Kremer Pigments ( is one of my favorite sources. They sell dry pigments without binding media (such as gum for watercolor, oil, casein, vinyl, acrylic, and so forth), which make them ideal for reference material. They sell them in bulk, which is good if you are sharing the material or need extra for other instrumental references. They also sell paint swatch samplers of their pigments, which is the easiest way to get a wide variety of pigments. A full set costs about US$130, and you can purchase individual sets of selected colors for about US$10 each. The most important set is the chart of Historical Colors, 60 samples for US$18 (Figure 1). Wonderful! This is the best way to acquire a comprehensive collection for the best possible price. They also sell a full collection of bulk samples of the important historical pigments in an attractive case – very nice!

Kremer Color Chart 001
Figure 1. Kremer Color Chart 001: Historical Colors

Making reference microscope slides from the sample swatches is simple:

    1. Scratch the surface of the swatch with a needle, covering a moderately broad area, to loosen a good number of particles.
    1. Prepare a microscope slide by putting a drop of mounting medium (I use Cargille’s Meltmount™, refractive index 1.662) in the middle of a standard 1” x 3” (25 mm x 75 mm) microscope slide.
    1. Warm the slide on a hotplate to spread and flatten the mounting medium.
    1. Allow to cool.
    1. Collect the loosened pigment particles by pressing the flattened drop repeatedly over scratched areas.
    1. Coverslip the preparation and place onto the hotplate to melt the mounting medium.
    1. Remove from the hotplate and press the coverslip to disperse the pigments and mounting medium.
  1. Label the slide. Store the slides flat. Done!

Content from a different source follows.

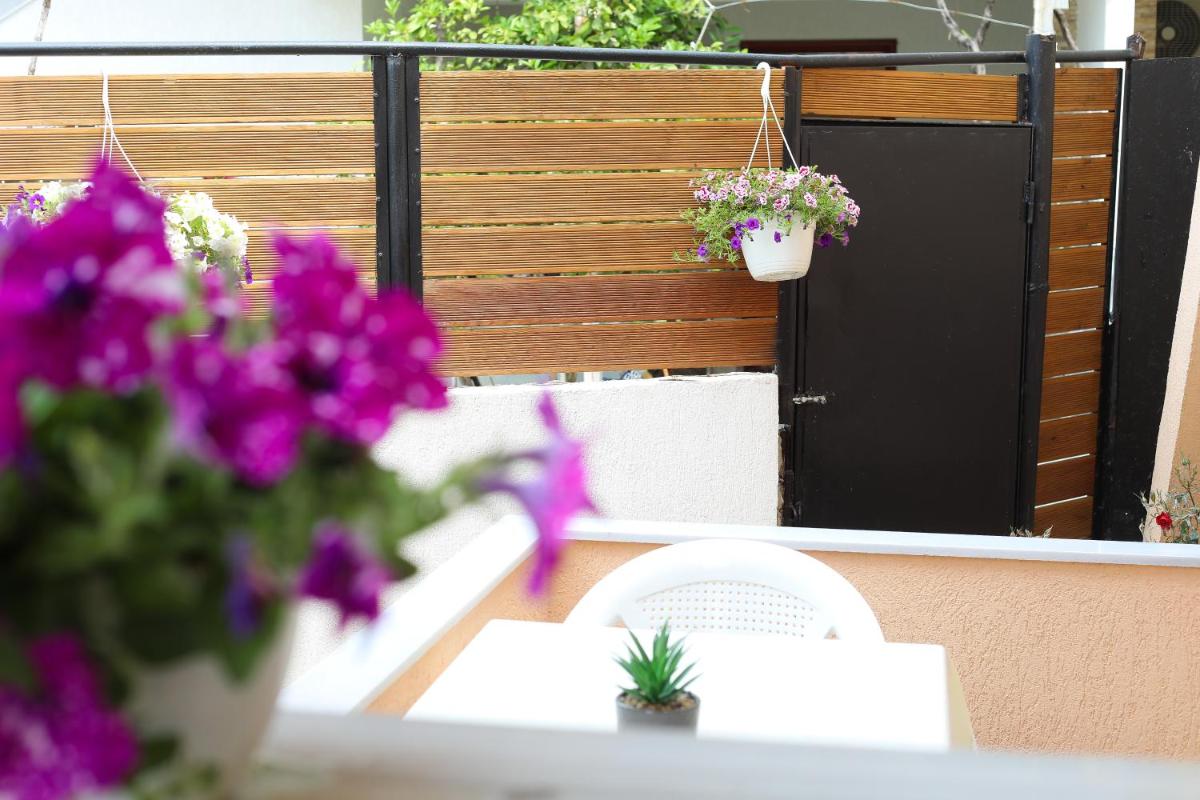 Vila Feliz - Premium Rooms with Free Private Parking - Housity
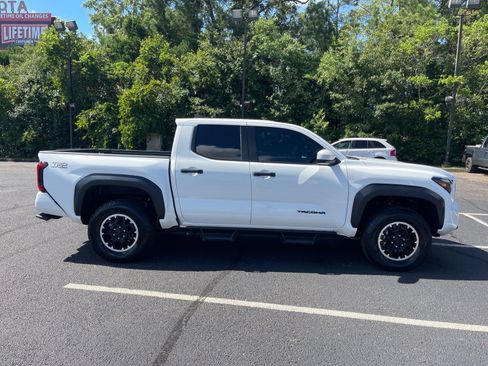 Used 2025 Toyota Tacoma TRD Off-Road AWD/4WD image 21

The resultant slides are of very good quality, with the pigments (usually) very well dispersed. Figure 2, cobalt violet brilliant (PV49), taken with plane polarized light at 400X magnification in Meltmount ™ (1.662) is a typical preparation.

Figure 2.
Figure 2. Dispersion of Cobalt Violet Brilliant (PV49), Kremer number 45820, from the Kremer Chart006 Blue Pigments. Plane polarized light at 400X, in Meltmount™, refractive index 1.662.

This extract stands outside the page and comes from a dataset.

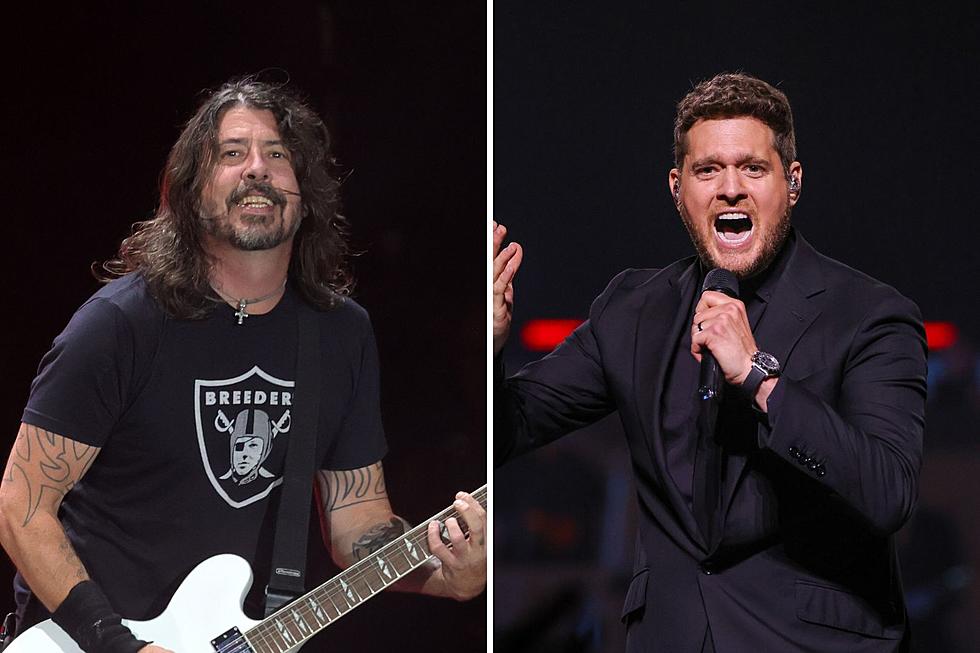 Foo Fighters Surprise Crowd When Michael Buble Joins Them Onstage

Of course, the easiest way to get a high quality set of ready-made pigment reference slides is to purchase a Pigment Reference
Set of microscope slides from McCrone Microscopes & Accessories (, which includes 50 of the most important pigments (Figure 3). McCrone Microscopes & Accessories is also an excellent source for all kinds of microscope supplies, such as microscope slides and coverslips, refractive index liquids, mounting media, hotplates, microscope labels and the like. Other scientific supply venders may also have these materials available.

Figure 3.
Figure 3.

Reagents for Microchemical Analysis

A future column will detail a number of microchemical tests specifically suitable for conservation microscopy. In the meantime, Cargille™ has assembled two microchemical reagent sets (Set 1 and Set 2) that contain all the reagents you will need except for the acids, bases, solvents, and other liquids, which you will need to get from a chemical supply house. Set 2 coincides with Chamot and Mason, Handbook of Chemical Microscopy Volume 2, one of the most important single sources for microchemical test protocols; Set 1 coincides with Volume 1 in the set, and, while interesting, is less critical (Figure 4).

Figure 4. The Cargille Chemical Microscopy Set 1.
Figure 4. The Cargille Chemical Microscopy Set 1.

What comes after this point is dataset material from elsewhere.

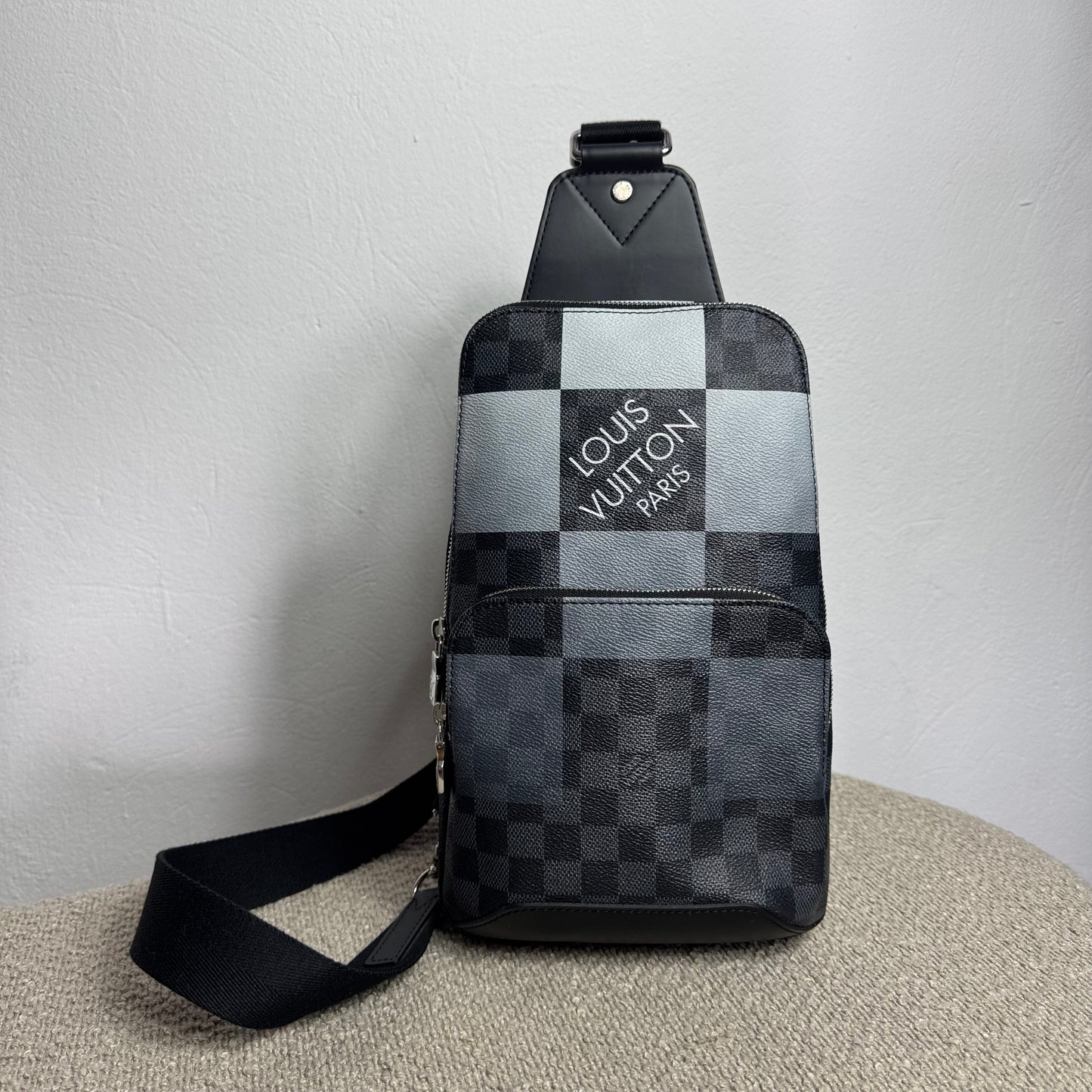 Louis Vuitton Avenue Sling Bag – Damier Graphite Giant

An easy test for Prussian blue is illustrated in Figures 5A and 5B, and Figures 6A and 6B show the results from two separate tests for lead white.


Campbell Center for Historic Preservation Studies

Classes in many aspects of conservation.
203 East Seminary, Mt. Carroll, IL 61053 | 815-244-1173

International Academic Projects

These folks conduct a number of conservation related workshops in the microscopical identification of pigments and other museum subjects. Peter MacTaggart and Dr. Nicholas Eastaugh are the principal instructors. An excellent resource for European and other Eastern Hemispheric residents.

6 Fitzroy Square, London W1T 5HJ, England | Tel 44 207 380 0800


Hooke College of Applied Sciences

Good mix of theory and practical instruction in scanning electron microscopy, infrared spectroscopy and small particle handling–specimen preparation techniques.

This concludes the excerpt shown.